Стешка прошлась в пляске и остановилась перед ним, отбивая дробь ногами. Пение прекратилось. Прошла минута, вторая… Теперь делом чести девчонки было вызвать парня в круг, потому что отказ плясать по приглашению означал, что девушка пришлась не по душе, ее знать не хотят и даже не желают с ней познакомиться. В плясках были свои тонкие тонкости — за каждой припевкой скрывался разговор, каждое «страдание» имело назначение — для ссоры, для уговора, для веселья, даже для тоски по милому, которого ждут и остаются ему верны, поэтому нечего приставать, раз другому обещано ждать…

Дядя Боря наконец сообразил, что означает настойчивость девушки. Он встал. Он не умел плясать «Русскую». Потоптался, потоптался, что-то попытался изобразить. Ничего не вышло.

Гешка занервничал, вскочил, сел и ударил по балалайке. Трехструнная у него запела, как семиструнная. Это были не забубенные, отрывистые звуки, а плавная, задушевная песня.

Гармошка замолкла, потому что не могла перепеть Гешкину балалайку.

Потом «улица» пошла к мосту…

От моста шел рокот. Он полз непонятно с какой стороны, земля чуть заметно дрожала.

— Танки! — вскрикнули зенитчики, забыв про девушек, про песню, закрутили головами, прислушиваясь.

— С дороги! Прочь с дороги!

Из-за поворота выбежали два бойца с винтовками за плечами, с флажками в руках.

— Расступись!

Они побежали вдоль плетня. Один из бойцов остановился, вышел на ярко освещенное луной место, второй побежал на бугор.

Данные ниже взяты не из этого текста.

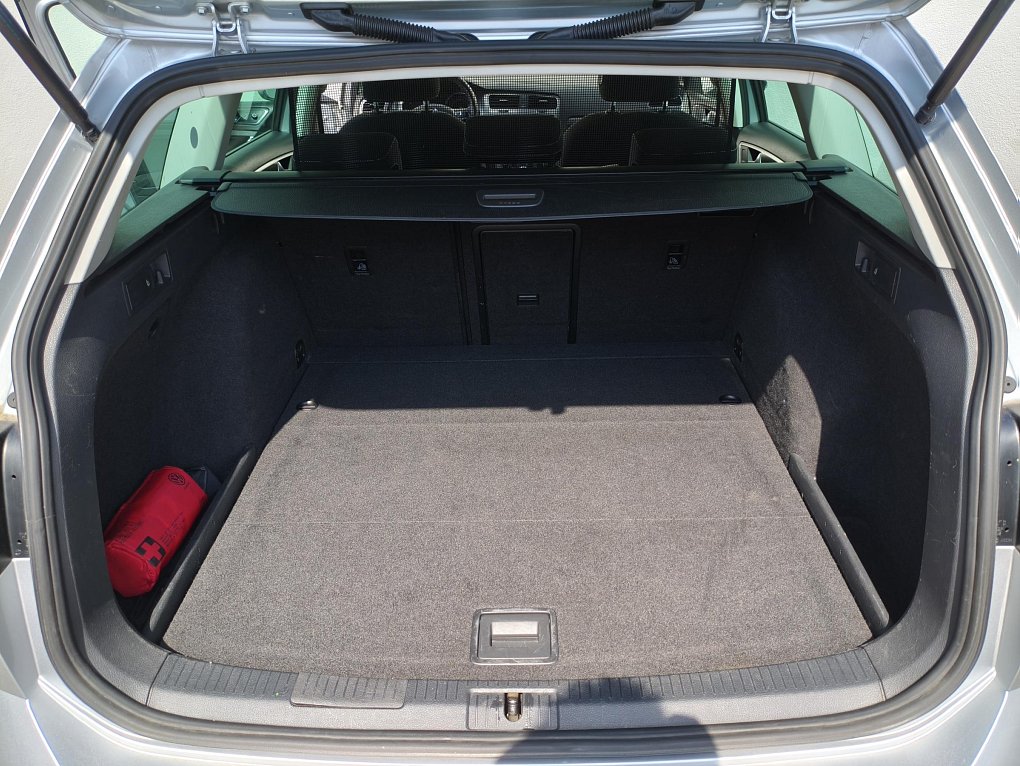 Volkswagen Golf 1.6 TDi Lounge 4x4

Через мост проползла стальная громада. Проползла по деревне, радостно урча мотором. За ней пошли еще и еще… Одна за другой — сильные, гордые, огромные машины.

У открытых люков сидели танкисты.

Боец на освещенной луной улице взмахнул флажком.

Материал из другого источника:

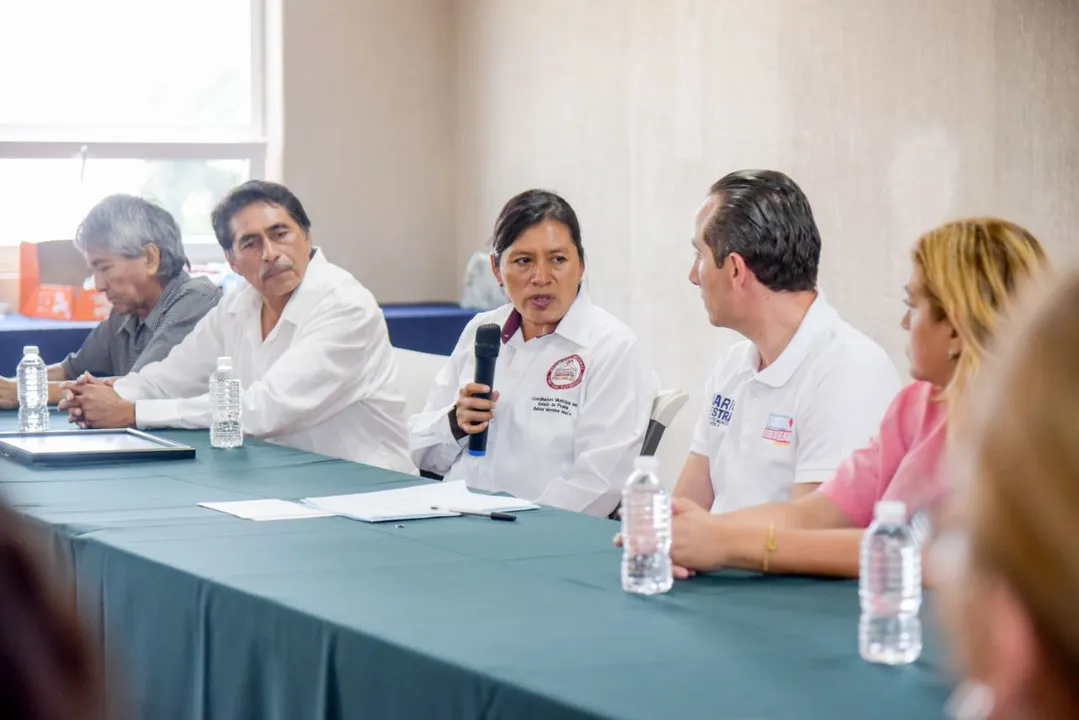 Movimiento Obradorista declina a favor de Mario Riestra en carrera por alcaldía de Puebla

Танкист наклонился к люку, что-то закричал туда, внутрь машины. Танк развернулся и пополз на бугор.

— Время вышло! — перекричал лязганье гусениц дядя Боря, показывая на светящиеся стрелки часов.

На часах было десять.

— Бежим в школу! Автобус придет!

Если бы на мне не было военной формы, я мог бы гулять хоть до утра. Но в форме… Она обязывала точно в срок быть в части.